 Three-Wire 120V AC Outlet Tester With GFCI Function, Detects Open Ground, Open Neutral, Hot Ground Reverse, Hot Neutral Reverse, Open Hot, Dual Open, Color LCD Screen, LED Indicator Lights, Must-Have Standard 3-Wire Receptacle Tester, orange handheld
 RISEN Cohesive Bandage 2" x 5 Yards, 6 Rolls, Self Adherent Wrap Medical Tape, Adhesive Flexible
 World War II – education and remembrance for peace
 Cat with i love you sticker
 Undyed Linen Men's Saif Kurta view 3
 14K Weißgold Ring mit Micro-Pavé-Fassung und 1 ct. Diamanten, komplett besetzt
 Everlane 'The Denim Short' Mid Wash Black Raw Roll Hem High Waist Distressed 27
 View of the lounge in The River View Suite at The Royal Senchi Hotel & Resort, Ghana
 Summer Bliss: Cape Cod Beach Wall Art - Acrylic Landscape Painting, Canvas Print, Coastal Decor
————
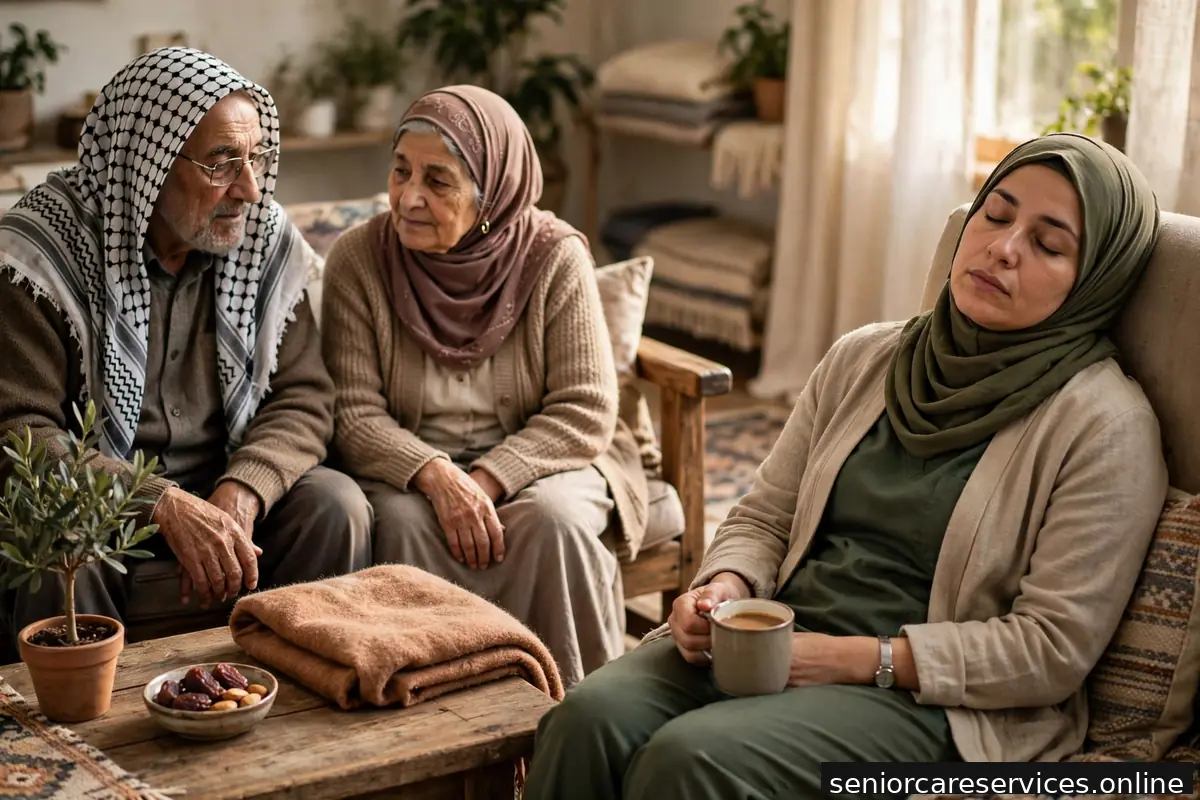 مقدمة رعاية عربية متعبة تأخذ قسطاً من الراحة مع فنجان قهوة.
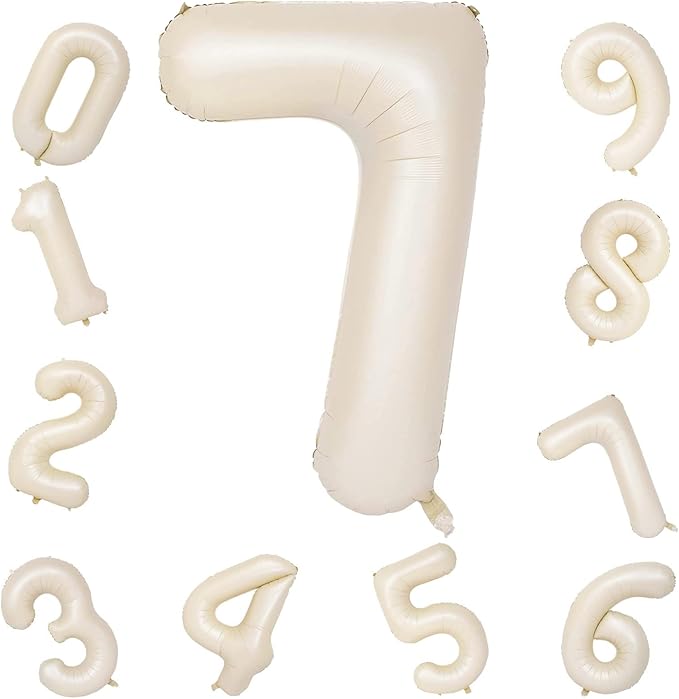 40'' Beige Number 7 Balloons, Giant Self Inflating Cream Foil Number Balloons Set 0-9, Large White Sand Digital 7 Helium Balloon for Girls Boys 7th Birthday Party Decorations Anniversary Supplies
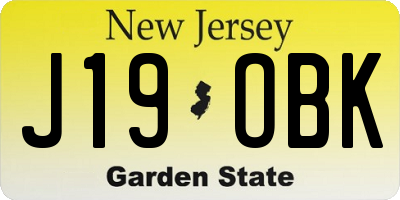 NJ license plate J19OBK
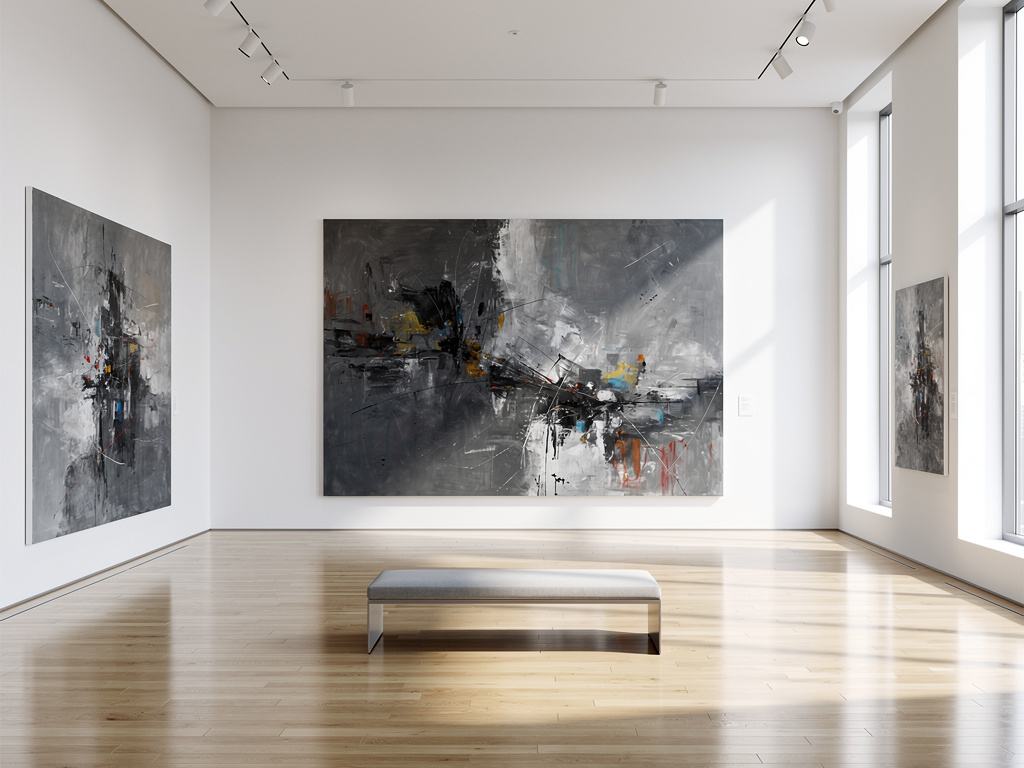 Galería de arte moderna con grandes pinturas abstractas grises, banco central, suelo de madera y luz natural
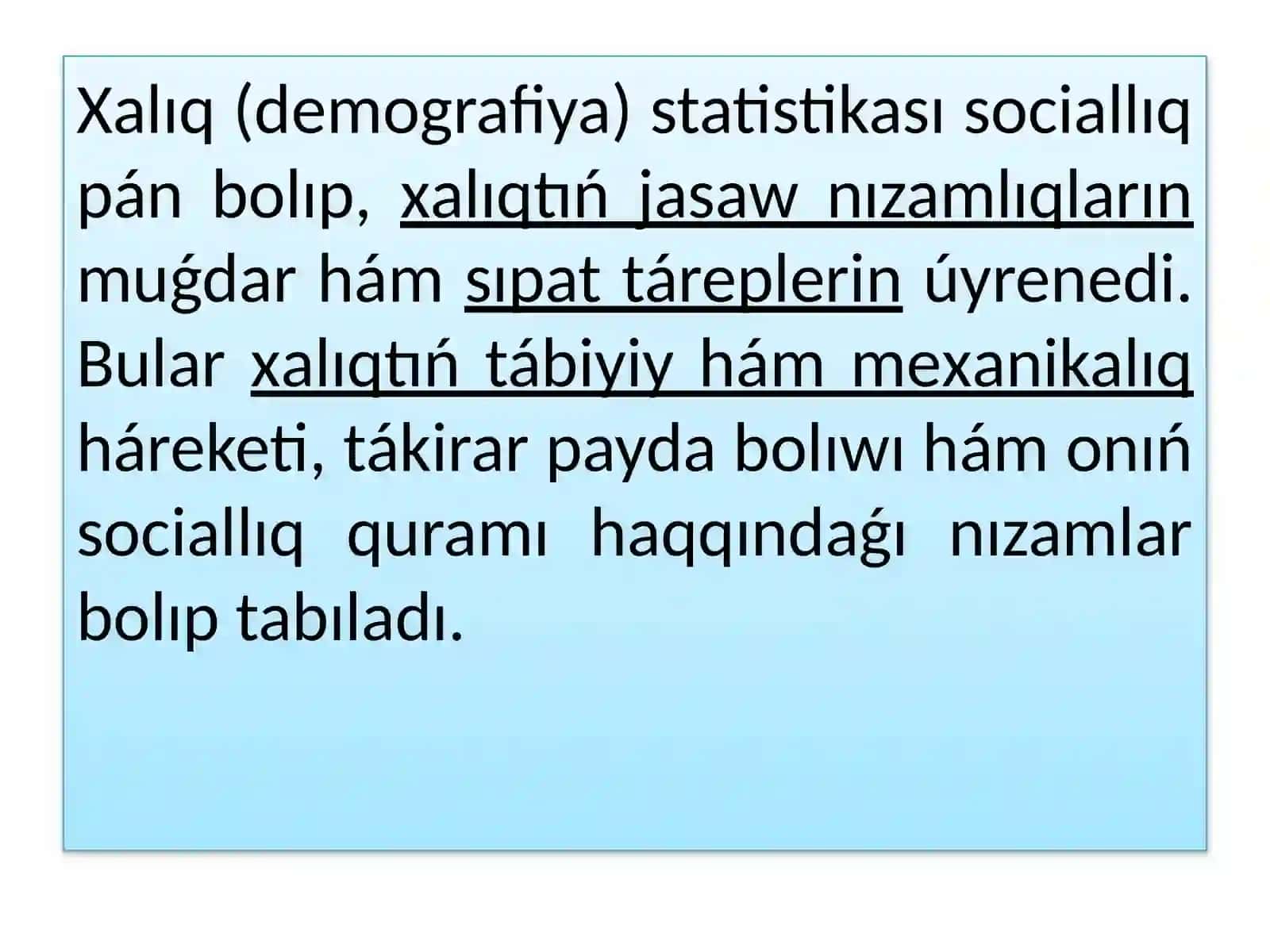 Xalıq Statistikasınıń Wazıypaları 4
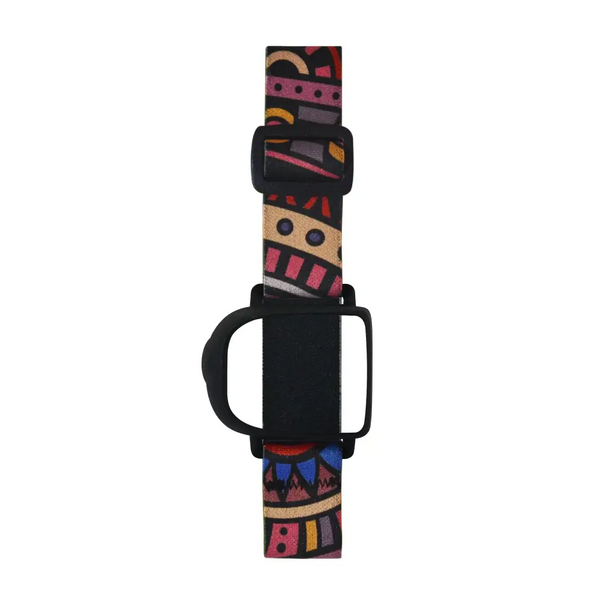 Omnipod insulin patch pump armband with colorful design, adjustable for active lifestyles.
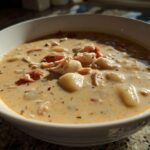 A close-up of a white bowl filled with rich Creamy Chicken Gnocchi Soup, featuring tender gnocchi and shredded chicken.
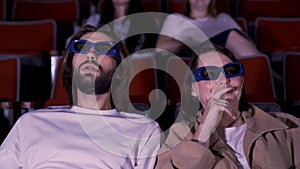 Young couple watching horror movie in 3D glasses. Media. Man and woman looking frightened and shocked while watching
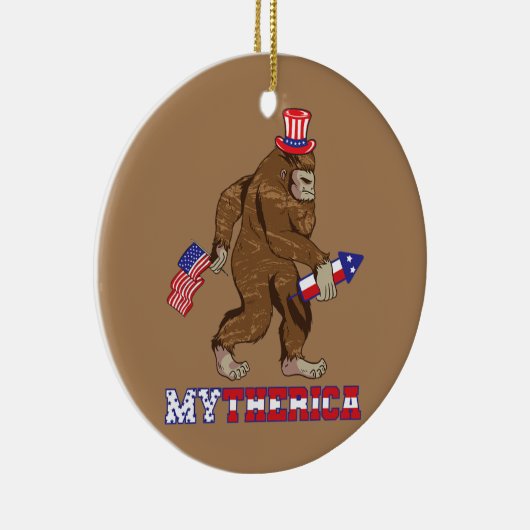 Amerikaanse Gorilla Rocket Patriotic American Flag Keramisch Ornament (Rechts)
————
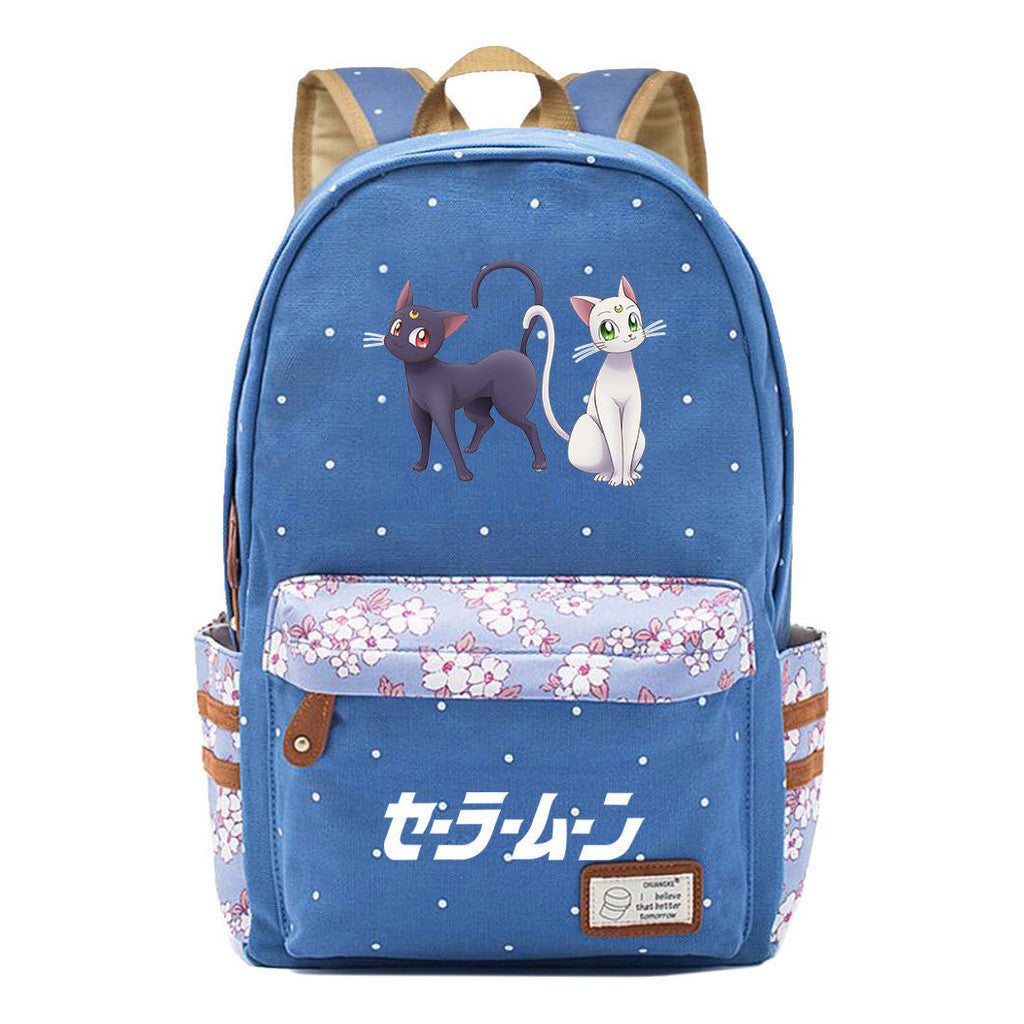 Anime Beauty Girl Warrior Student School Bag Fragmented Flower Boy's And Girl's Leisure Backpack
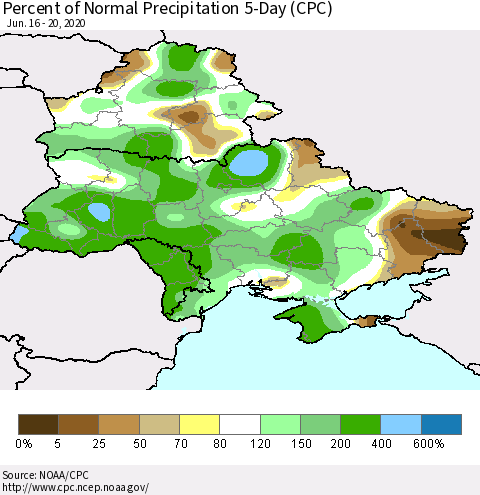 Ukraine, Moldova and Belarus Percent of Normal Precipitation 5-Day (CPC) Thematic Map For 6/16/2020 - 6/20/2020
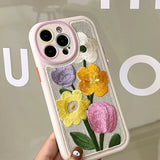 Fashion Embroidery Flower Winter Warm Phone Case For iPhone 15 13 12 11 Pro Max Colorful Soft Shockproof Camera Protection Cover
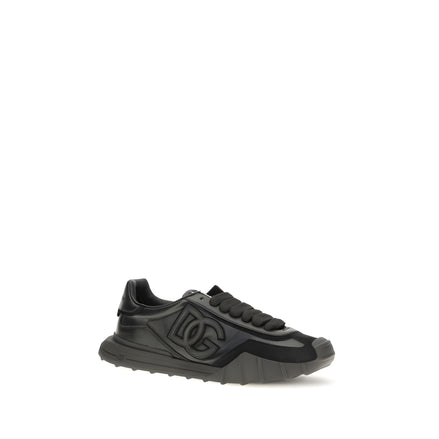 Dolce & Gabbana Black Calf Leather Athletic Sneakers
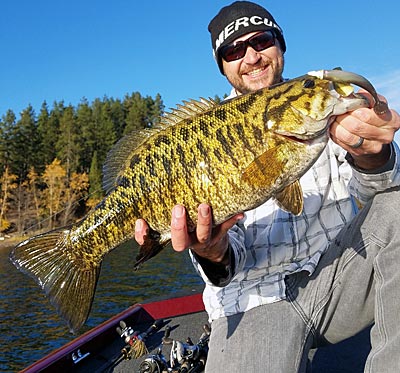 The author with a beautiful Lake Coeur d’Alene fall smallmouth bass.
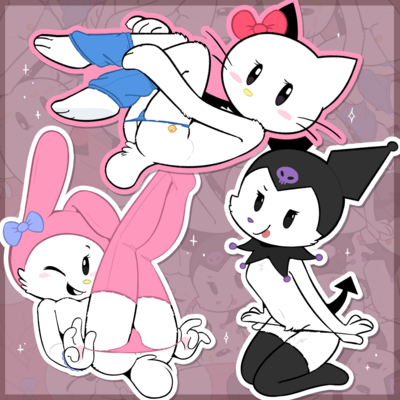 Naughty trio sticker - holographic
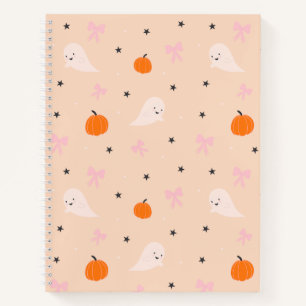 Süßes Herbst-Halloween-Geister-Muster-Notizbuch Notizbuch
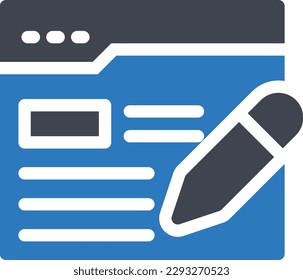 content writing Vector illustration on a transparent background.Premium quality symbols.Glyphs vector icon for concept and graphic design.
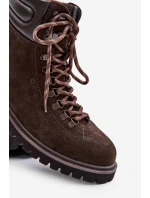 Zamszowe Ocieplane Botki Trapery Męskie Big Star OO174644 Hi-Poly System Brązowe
————
## [ACTIVITY]
If a picture sits between the line containing "Omnipod insulin patch" and the line containing "Amerikaanse Gorilla Rocket", leave it out, and return the lines of that range above exactly, both ends included.

## [EXERCISE OUTPUT]
 Omnipod insulin patch pump armband with colorful design, adjustable for active lifestyles.
 A close-up of a white bowl filled with rich Creamy Chicken Gnocchi Soup, featuring tender gnocchi and shredded chicken.
 Young couple watching horror movie in 3D glasses. Media. Man and woman looking frightened and shocked while watching
 Amerikaanse Gorilla Rocket Patriotic American Flag Keramisch Ornament (Rechts)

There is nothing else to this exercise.